Philadelphia lost more than 22,000 residents between 2021 and 2022, a 1.4% decline in its total population, according to newly released census data.
The decrease, the largest single-year drop since 1977, reverses more than a decade of growth. Philadelphia’s population peaked at 1.6 million residents in 2020 and has since seen a year-on-year decrease. The city now has the same population as in 2014.
From 2017 to 2018, Philadelphia's population grew by a mere 3,900, with more people moving out than moving in. Over the past two years, the city experienced a net migration loss of nearly 50,000 residents.
A few factors have been blamed for the population loss, chief among them the COVID-19 pandemic. During the height of the pandemic, major cities in America faced urban exodus as families chose to relocate to suburbs.
New York, Boston, Philadelphia, and D.C. all saw urban property value decrease while property values in their surrounding suburbs increased, according to a 2022 report by the Brookings Institution.
The report also stated that Philadelphia experienced an especially pronounced gap compared to other cities between urban and suburban property values during the pandemic.

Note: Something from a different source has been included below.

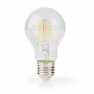 LED-Filamentlamp E27 | A60 | 12 W | 1521 lm | 2700 K | Warm Wit | Retrostijl | 1 Stuks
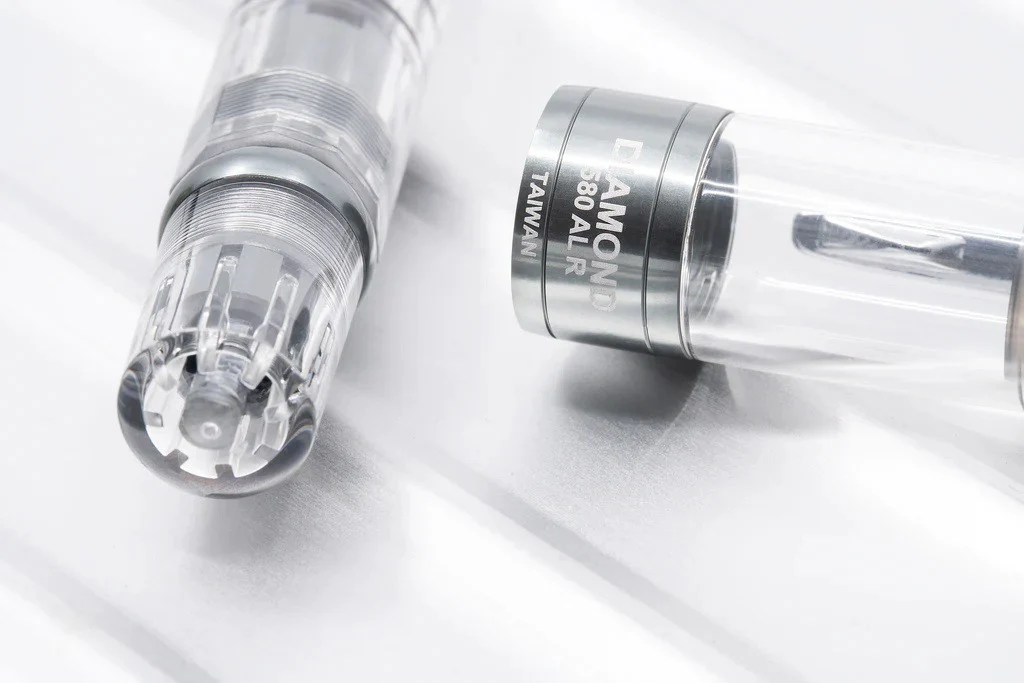 Pióro wieczne TWSBI Diamond 580 AL | Nickel Gray - Image 4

Some argue that there are other factors that go beyond the pandemic that have contributed to Philadelphia’s population decline.
Kim Goyette, a Sociology professor at Temple, pointed to education as one of the causes of Philadelphia's net-loss migration.
Philadelphia's “high-education landscape” pulls young people into the city, “but once they start families, they move out,” she told the Inquirer in 2018.
Still, experts cautioned against extrapolating based on data from a single year.
“One year change is not going to be a major impact, it’s the trend over time,” Katie Martin, project director at Pew Charitable Trusts’ Philadelphia Research and Policy Initiative, told the Inquirer. “We just have too few years of data at this point to say that this is a definitive trend.”